Tuesday, March 27, 2012

Complexity of Numbers and the Impact on Science

Numbers are fascinating, as the foundations of arithmetics gave rise to great puzzles in formal logic. Here I want to address some peculiarities of algorithmic information theory.

In case you didn't know: there are real numbers which are definable, but not computable. The prime example is Chaitin's constant Omega, which is roughly characterizing the probability that random constructed programs will halt. If you know the first N bits of Omega, one knows about the halting problem for all programs of size up to N bits. Non-computable numbers are directly related to the halting problem.

Consider the following hierarchy leading to the real numbers:
$\{0\} \subset \mathbb{Z} \subset \mathbb{Q}  \subset constructible \subset algebraic \subset computable \subset definable \subset \mathbb{R}$
and the complement of the above:
$\mathbb{R}/\{0\} \supset  \mathbb{R}/\mathbb{Z} \supset irrational  \supset non-constructible \supset transcendental \supset non-computable \supset non-definable $

Note that the definable numbers are countable (since every definition must consist of finite set of words in a specified formal language), whereas the non-definable numbers are uncountable, i.e. no isomorphism exists between the natural numbers and the non-definable numbers (see Cantor's diagonal argument). There are so many, because almost all sequences of digits  in the decimal representation are random, without any inherent complexity.

Real numbers that we can define in some way can all be represented by finite or infinite integer sequences. Representation in terms of integers has the advantage that  no arbitary base (like 10 or 2) has to be chosen as is the case for floating point numbers.
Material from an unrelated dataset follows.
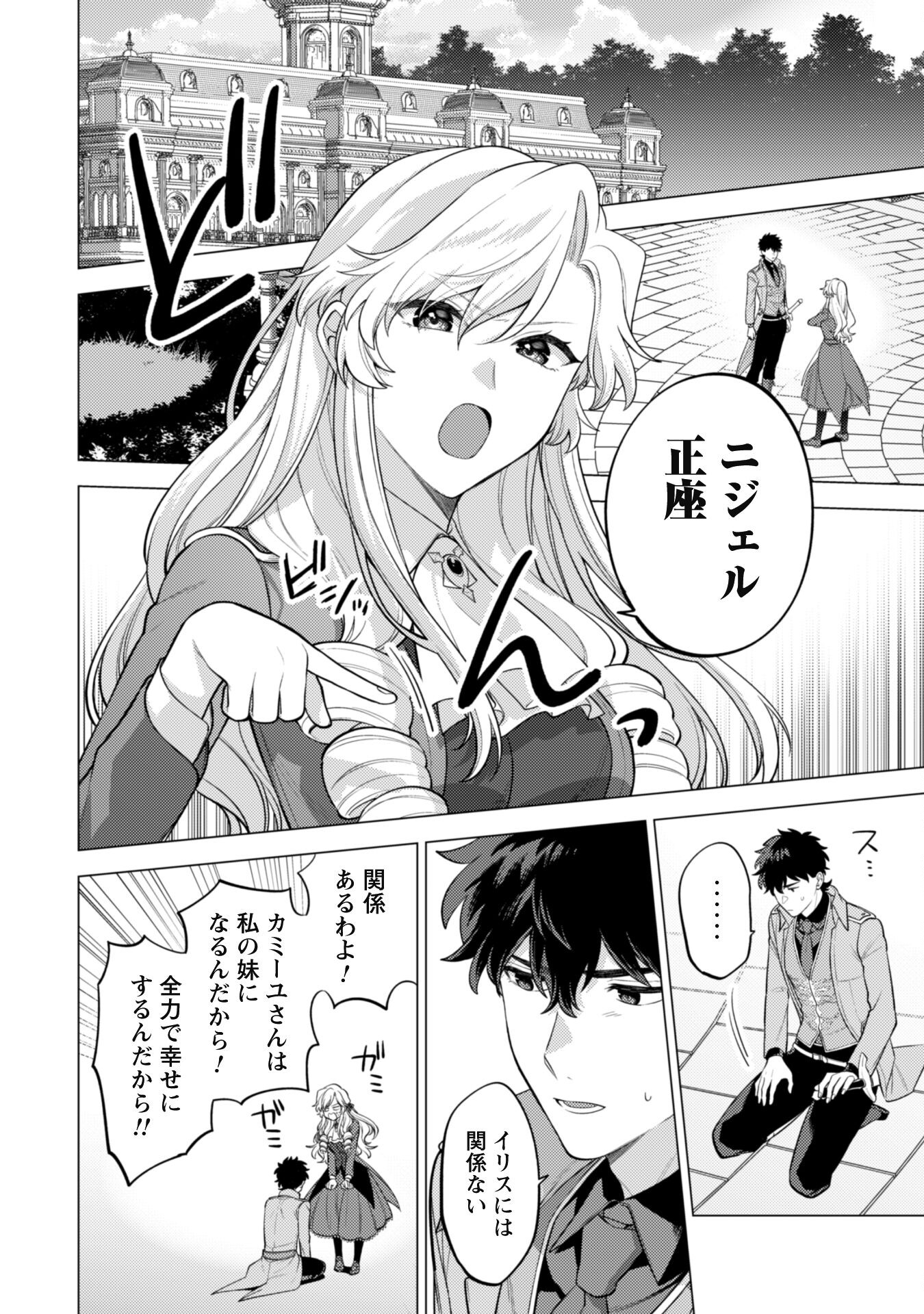 Watashi ga Seijo? Iie, Akuyaku Reijou desu! - Na no de, Zenin Hametsu wa Soshi Sasete Itadakimasu Chapter 34 19ページ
All real numbers are actually uniquely defined by their continued fraction. Consider e.g. the continued fractions to characterize irrational numbers:
$x=[a_0; a_1, a_2,  ...] = a_0+\frac{1}{a_1+\frac{1}{a_2+\ldots}}$
which is finite for a rational number, and infinite for irrational numbers, such as for the golden ratio:
$\frac{1+\sqrt{5}}{2}=[1; 1, 1, 1, ...]$

Of course, the sequence of rationals obtained by aborting the continued fraction after 1, 2, 3, 4, ... iterations will yield a Cauchy sequence which equally represents the irrational number.

If we are interested in the complexity of the structure of a computable number (where all coefficients of the contiued fractions can be computed) we may address it via the compressibility of its coefficients in terms of algorithms. For the golden ratio, the compression is maximal as $\forall i\in \mathbb{N}: a_i=1$. For $\pi=[3;7,15,1,292,1,1,\ldots]$, a simple program can compute its coefficents as well. Although the coefficients of the continued fraction does not obey any evident rule, there are several generalized continued fractions (those are not uniquely defined) which do, e.g. $\pi=3+\frac{1^2}{6+\frac{3^2}{6+\frac{5^2}{6+\ldots}}}$.
I already mentioned that almost all irrational numbers (those that are not computable) are random, with no apparent pattern valid for the whole series. This fact indeed implies a statistical property for the continued fraction coefficients for $x$: their geometric mean is a constant known as Khinchin's constant $K_0$, which is independent of the value $x$:
for almost all $x\in\mathbb{R}$, $\lim_{n\rightarrow \infty}(\prod_{i+1}^n a_i)^{\frac{1}{n}}=K_0\equiv \prod_{n=1}^{\infty}(1+\frac{1}{n(n+2)})^{log(n)/log(2)}$

However, it is not clear whether the geometric mean for all computable number take values different from $K_0$; the geometric mean e.g. for $\pi$ seems to converge towards $K_0$.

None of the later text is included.